### Work item
When you transcribe the listing that follows, keep every line exact and omit the pictures.

### Given data
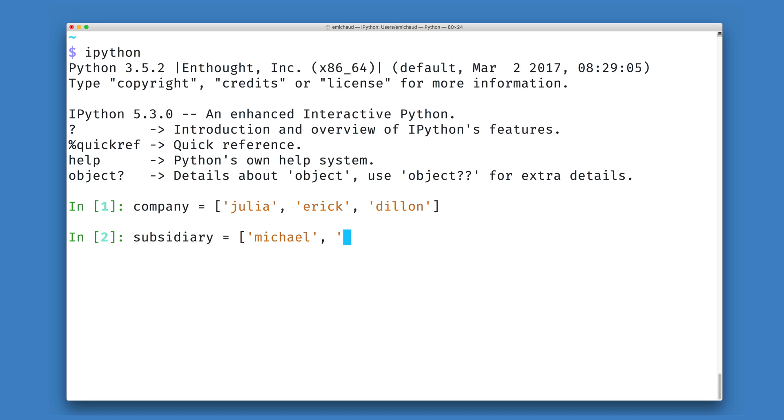In my original company we will have Julia, Eric, and Dylan, and in my subsidiary we will have Michael, Eric, and Michael.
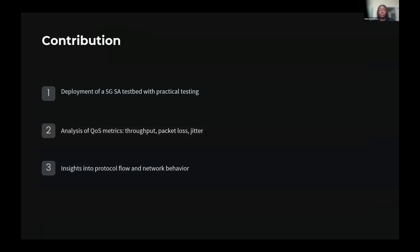So what contributions did this research make? First is the deployment of a 5G standalone testbed. We successfully developed and deployed an end-to-end 5G standalone testbed, which allowed us to conduct practical over-the-air testing in the millimeter wave frequency range. The testbed provided a robust platform for real-world experimentation and can serve as a benchmark for further research. Second, we analyzed the quality of service metrics. We conducted a comprehensive analysis of QoS metrics, including throughput, packet loss, jitter, and latency. This detailed evaluation helped us understand how 5G networks perform under varying conditions, providing insights to improve network reliability and efficiency.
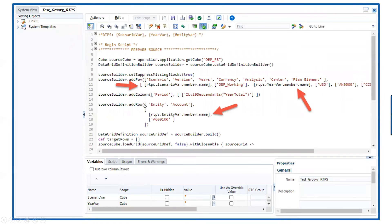Now we add the variables where needed in the rule. We've added it in this section where we're building a POV — we see RTPS.scenarioVar.member.name and our year variable. And then we have our entity variable down in the section where we're building the row.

### Solution to this exercise
In my original company we will have Julia, Eric, and Dylan, and in my subsidiary we will have Michael, Eric, and Michael.
So what contributions did this research make? First is the deployment of a 5G standalone testbed. We successfully developed and deployed an end-to-end 5G standalone testbed, which allowed us to conduct practical over-the-air testing in the millimeter wave frequency range. The testbed provided a robust platform for real-world experimentation and can serve as a benchmark for further research. Second, we analyzed the quality of service metrics. We conducted a comprehensive analysis of QoS metrics, including throughput, packet loss, jitter, and latency. This detailed evaluation helped us understand how 5G networks perform under varying conditions, providing insights to improve network reliability and efficiency.
Now we add the variables where needed in the rule. We've added it in this section where we're building a POV — we see RTPS.scenarioVar.member.name and our year variable. And then we have our entity variable down in the section where we're building the row.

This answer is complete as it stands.